I think the majority of the problem springs from the fact I don’t actually know what I’m searching for. I’m not looking to raise a family and I’m not particularly interested in becoming a team leader or manager at work. I have a wonderful fiancé and a very nice house and by rights have nothing to desperately lust over. Still I can’t help feeling like I’m stuck in a rut. There’s a sort of personal frustration in the way that I feel I need to be doing something – working towards some kind of overarching goal, yet I don’t know what it is. Is this just the human condition? Are we destined to constantly aim to achieve and yet never able to identify why? Am I yet another confused cog in the grinding philosophical conundrum of humanity?

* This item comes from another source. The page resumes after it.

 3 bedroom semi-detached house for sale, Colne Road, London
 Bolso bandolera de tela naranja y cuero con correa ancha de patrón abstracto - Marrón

To be honest, I think I’m probably just feeling down at the moment. I’m too lazy to be a philosopher and not motivated or intelligent enough to strive for some unknown greatness. I know I don’t want to be stinkingly rich or world famous, and I am lucky where I am right now.
Perhaps, as TMM suggests, non-dramatic life goals are the way forward. He reminds me that we’re hoping to make a little bucket garden over the next few months; something to furnish us with fresh fruits and veg and provide a smidgeon of green in these dark days. We’re going to try and improve out fitness levels and go adventuring all over National Trust properties – “head out to the countryside where we feel most at home”, and we do have a wedding to plan in the long term – something low budget with “oodles of character”.
So, from now on, I’m going to try and spend time focusing on the small victories rather than the big holes, and find peace in the things that I know. My hair will always be bright, there will always be books to read and the stars will always shine.
“If the stars should appear one night in a thousand years, how would men believe and adore; and preserve for many generations the remembrance of the city of God which had been shown! But every night come out these envoys of beauty, and light the universe with their admonishing smile.” – Ralph Waldo Emerson.
Is it wrong just to want to be able to sit by the fire and read all day?